In Part One of this dissertation, the Chambers, Carleton, and McEnally (CCM) model is reexamined by two separate empirical designs. In the first, the CCM quarterly data test is replicated with a larger sample and with the Fong and Vasicek (1984) M\sp2 minimization objective function. In the second design, Monte Carlo sampling is employed to test over five year holding periods. Five separate Monte Carlo samples are evaluated. While the quarterly data test suggests that the duration vector model does not significantly outperform the optimally selected single factor duration model, the Monte Carlo tests are consistent in their support of a two factor duration vector with D1 and D2. The tests also show that duration vector factors D3 and beyond are not warranted.

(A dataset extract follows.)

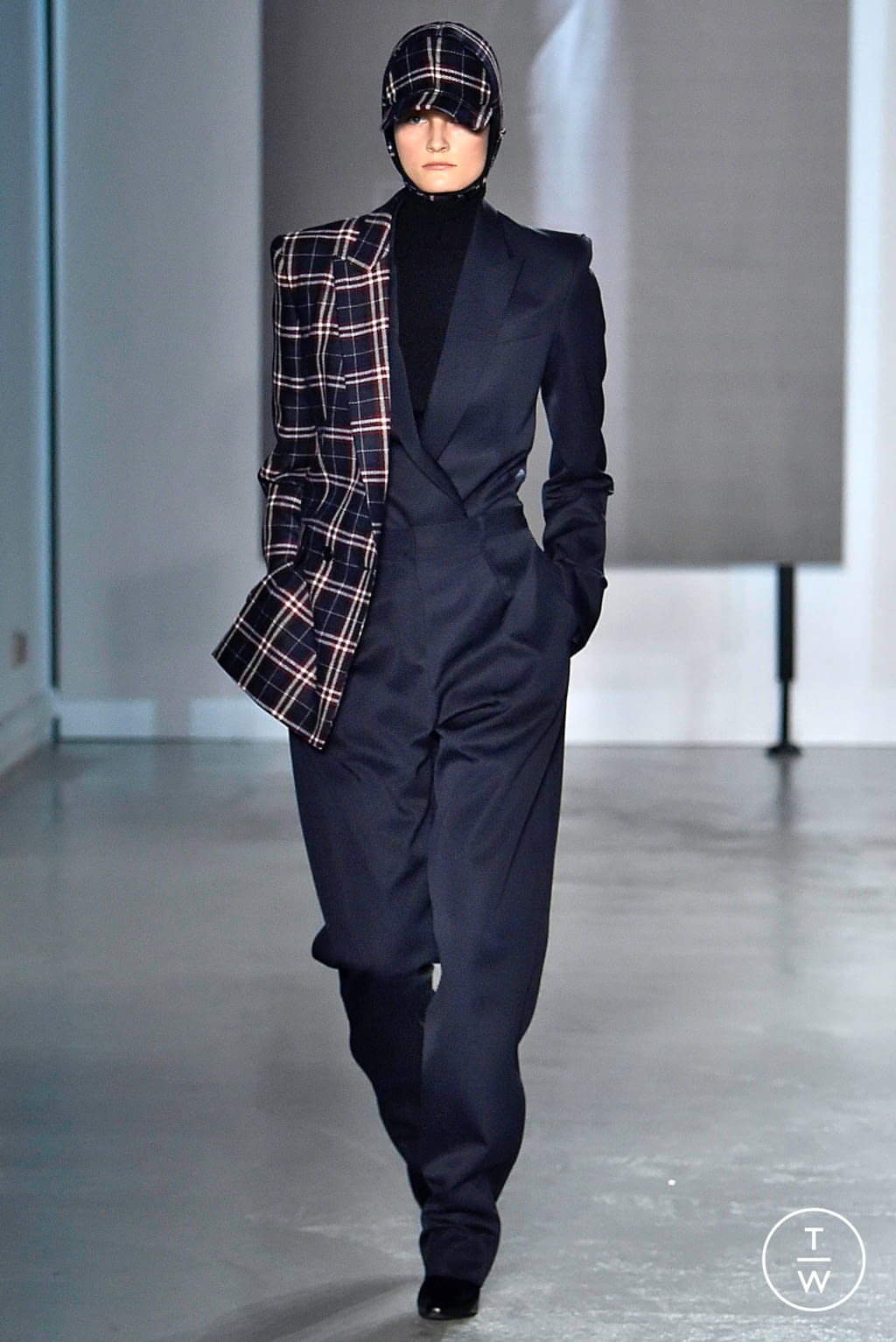 Fashion Week Paris Fall/Winter 2019 look 9 from the Juun.J collection menswear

This is not consistent with the CCM (1988) claim that five to seven factors are optimal.

The concept of immunization as a vehicle for managing interest rate risk in bond portfolios has developed heuristically over time. It is a risk hedging procedure whose appeal is due to its simplicity and ease of application. Simple single factor duration models, however, have fallen short of expectations in empirical tests. Consequently, more complex multiple factor and stochastic models have been advanced as superior immunization alternatives. Most of these models lack appeal either because of their complexity or because they, too, have fallen short in empirical tests. A notable exception is the multiple factor duration vector model by Chambers, Carleton, and McEnally (1988). Reexamination of that study is the primary focus of this dissertation. In addition, the relative efficacy of alternative objective functions for selecting single factor duration portfolios is also examined.

In Part Two, the minimize M\sp2 objective function is examined against five alternative strategies by the Monte Carlo sampling design. Again, five independent samples are evaluated. The results clearly support this objective function as optimal in single factor immunization.